2. I used to work on my high school yearbook and the #1 rule there was to have a photo of each person in the school at least once. Why? Because the first thing everyone unconsciously does is look for the photo of themselves – once they see it, the yearbook is sold! Your FB campaign is working on that principle too, I think, because it’s incorporating that aspect of “where am I in the picture of what’s happening with this school?” (and perhaps, though no one will admit it, to see how well their friends have aged!)
Other non-educational charities need to take the lesson from your success here that the donors need to be able to look for themselves in the picture of the work that the organization is doing. And that there needs to be a consistent message shared across media.
Thanks Christina. Another great thing about photos on Facebook is that you can tag them!
That way people are drawn to the page.
I’ve seen some groups irresponsibly tag photos just to get people to see a sale or poster. I’m not talking about that. But legitimately tagging someone in our class has been fun! 😛
I really love that you are dissecting for all of us how your reunion is going – as it is happening.

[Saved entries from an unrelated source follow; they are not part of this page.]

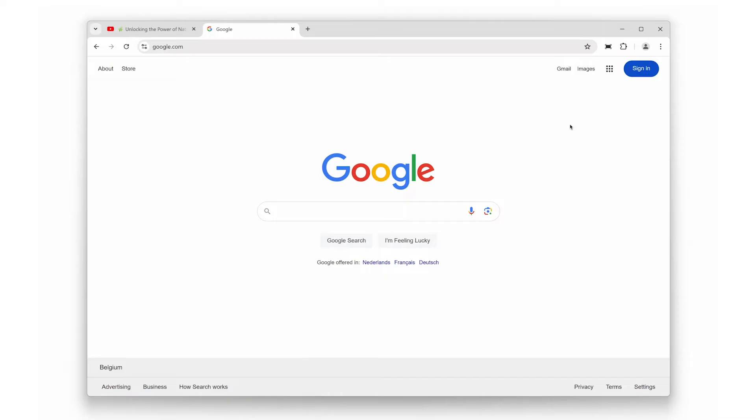A must-have tool to supercharge your browsing experience. Stick around to see how this extension can help you browse better, watch better, and work better.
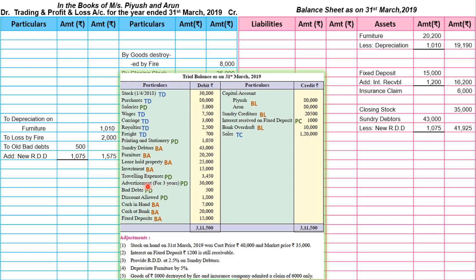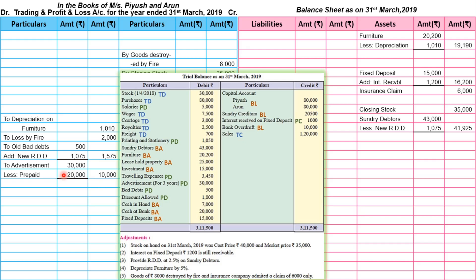The hidden adjustment is advertisement. Advertisement is transferred to profit and loss debit side at Rs. 30,000, but the bracket says 'for 3 years'. Since we prepare final accounts for one year, two years have been paid in advance — that is prepaid. To calculate: Rs. 30,000 ÷ 3 years = Rs. 10,000 per year. The prepaid period is two years, so 10,000 × 2 = Rs. 20,000 prepaid. After subtracting, the current year figure is Rs. 10,000. The prepaid advertisement of Rs. 20,000 is transferred to balance sheet asset side.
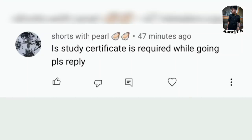Next question from Pearl: 'Is a study certificate required while going to the exam?' No need of taking your study certificate to the examination center. You only need it during document verification after the exam results.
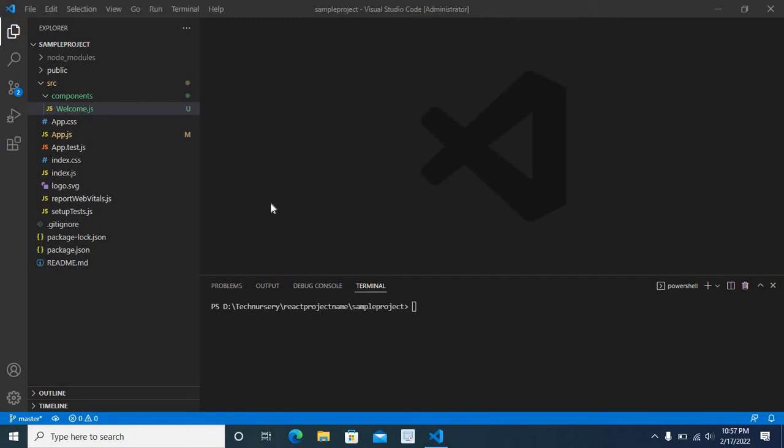Dear friends, in this video I am going to explain how I fixed an error which happened when I was working in a React web project.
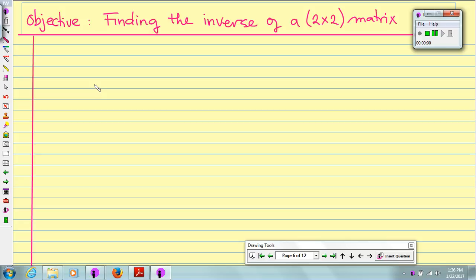Hello, my pre-calculus students. In this video, we are going to find the inverse of a 2 by 2 matrix.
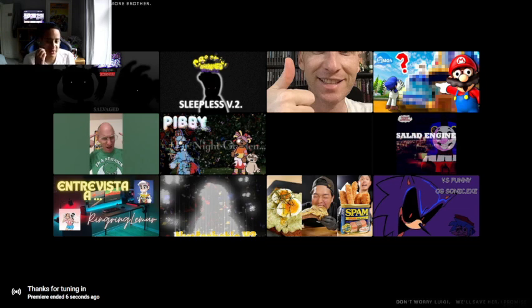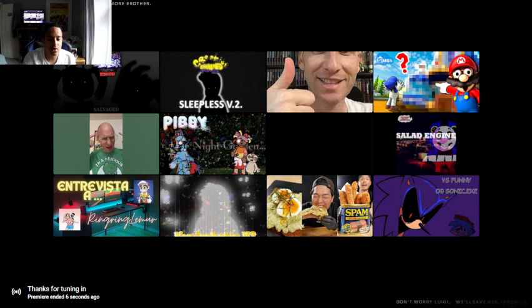Anyway guys, that was it for this video. If you enjoyed the video, comment, like, subscribe and turn the notifications bell turned on. Until then, keep flaming ya bloody legends!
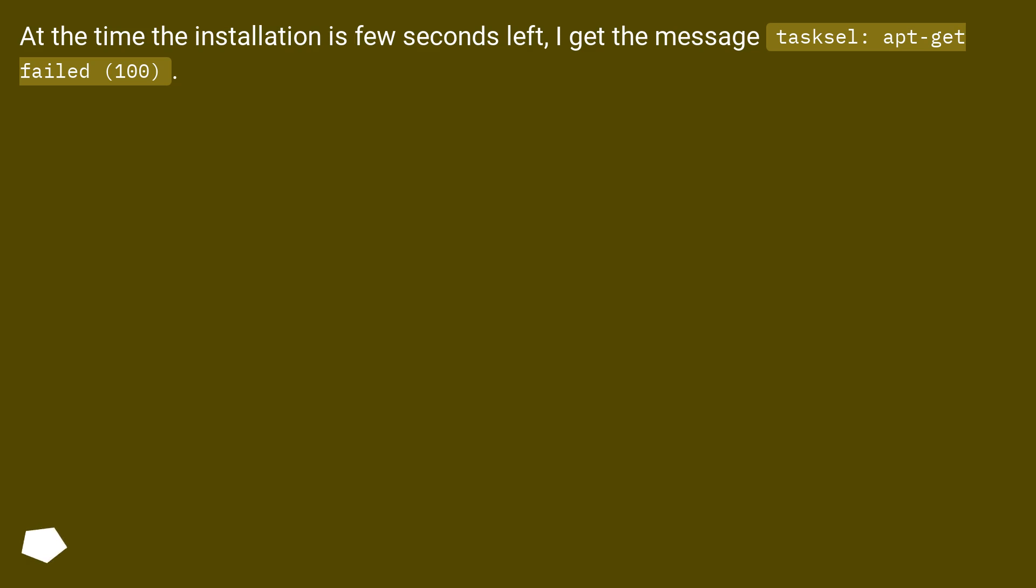At the time the installation is few seconds left, I get the message: tasksel apt-get failed 100.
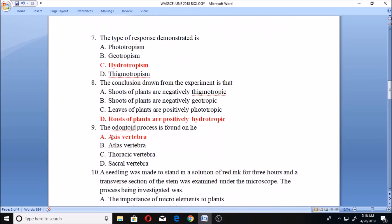Question nine: the odontoid process is found on the — A. axis vertebra, B. atlas vertebra, C. thoracic vertebra, D. sacral vertebra. The answer is axis vertebra because the axis vertebra is the second vertebra of the vertebral column. The axis vertebra has a large centrum which projects forward as the odontoid process. That makes option A the right answer.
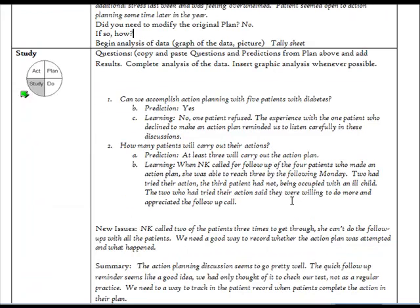In Study, you compare the predictions with what actually happened and identify new issues that emerge in your review of the cycle. A good question to ask when completing this section is, how would I summarize the test for others to understand?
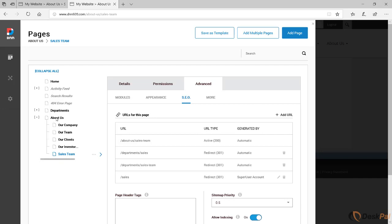I want the URL, the active URL, to be another one, but I don't want to rename the page for that. So you can do that. You can click on add URL.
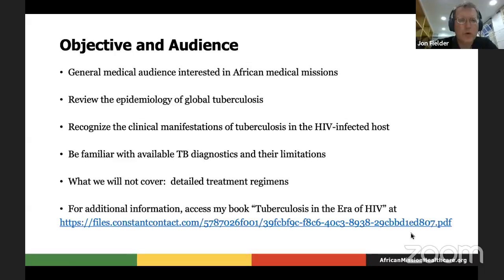Here are our objectives. We're not going to go over detailed treatment regimens — that's beyond the scope of the talk today. I do want to talk about the limited TB diagnostics we have in our setting here in Africa, and how we often have to make an empiric diagnosis of tuberculosis because of limited diagnostics.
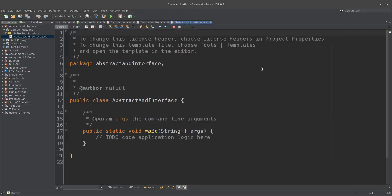Abstract class, abstract method, and interface. This is what we will learn. This project is called Abstract and Interface.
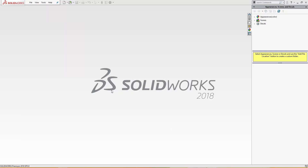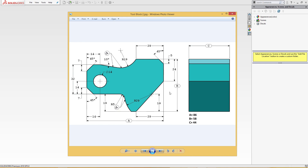Hello and welcome to SolidCAD. Today we are going to make this part. This is a SolidWorks CSWA exam question. A, B, and C are the global variables. A is 86, B is 58, and C is 44, and the rest are all the dimensions here and we will go through one by one.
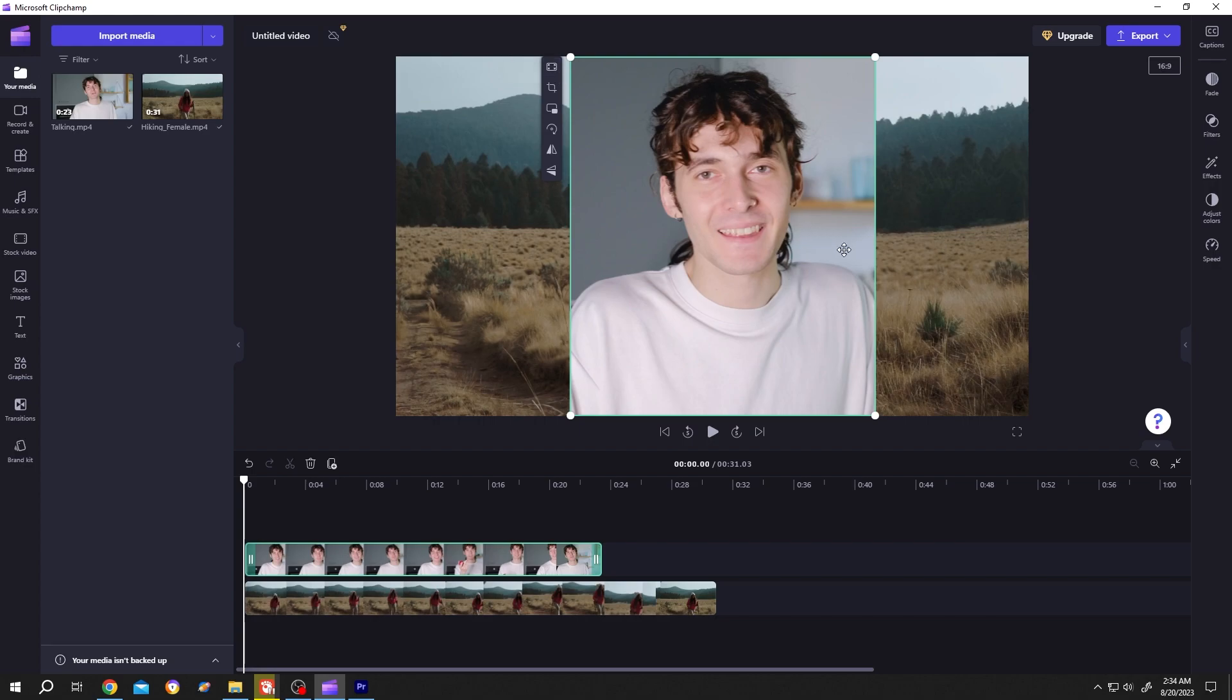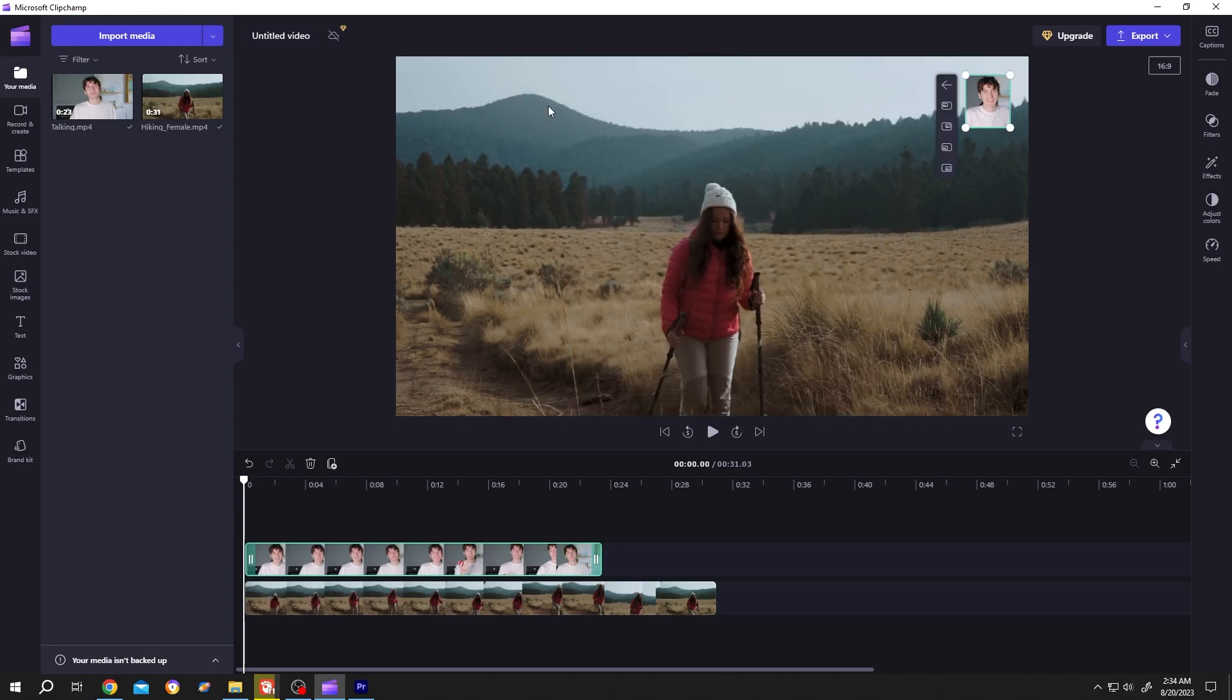Now how to perfectly align this footage as overlay? Really simple. Go to left side again, then click on this button, picture in picture, then choose where you want to align it like top right, top left, or the most common one, bottom right.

I forgot — which one was it? 😉
Marc, those “varying communication tools” work great for communicating with grant funders as well! Now, for some reason, I feel the need for a salad…
Gayle: I’m not telling. 🙂
Betsy: Glad I could whet your appetite!
I had salad for lunch – but a Waldorf Salad sounds much more yummy.
It’s tempting to segregate people based on approach – ie these are postal mail people and those are email people, but we’ve seen (especially on recent studies/tests) that people who are receiving communications in multiple formats give more. But it does go a little counter-intuitive to how we think things will work (I guess that’s why one of the most important principles in fundraising is to test).
Do you guys all find that testing is risky? Or feels risky?
I wonder if many nonprofits think of what they might not get rather than all they’ll gain by testing!
What you are talking about is often referred to as “multi-channel” fundraising. Using a similar or same message across multiple media. A local hospital in St. Paul, MN has seen a more than 40% increase in their fundraising by “mixing it up” or using multi-channels to convey their message. It’s been fun to watch how creatively they share their messages and cause me to WANT to open the mail or email even when I may have already seen it.
Marc, are you a closet foodie? I recall an appreciate piece focused on muffins.
Nice reminder that communications needs to be repeated. I believe the often quoted number in the ad business is 9 or that people need to see your ad 9 times to “see” it.
Your communication approach shows that people need to hear/see/read it multiple places.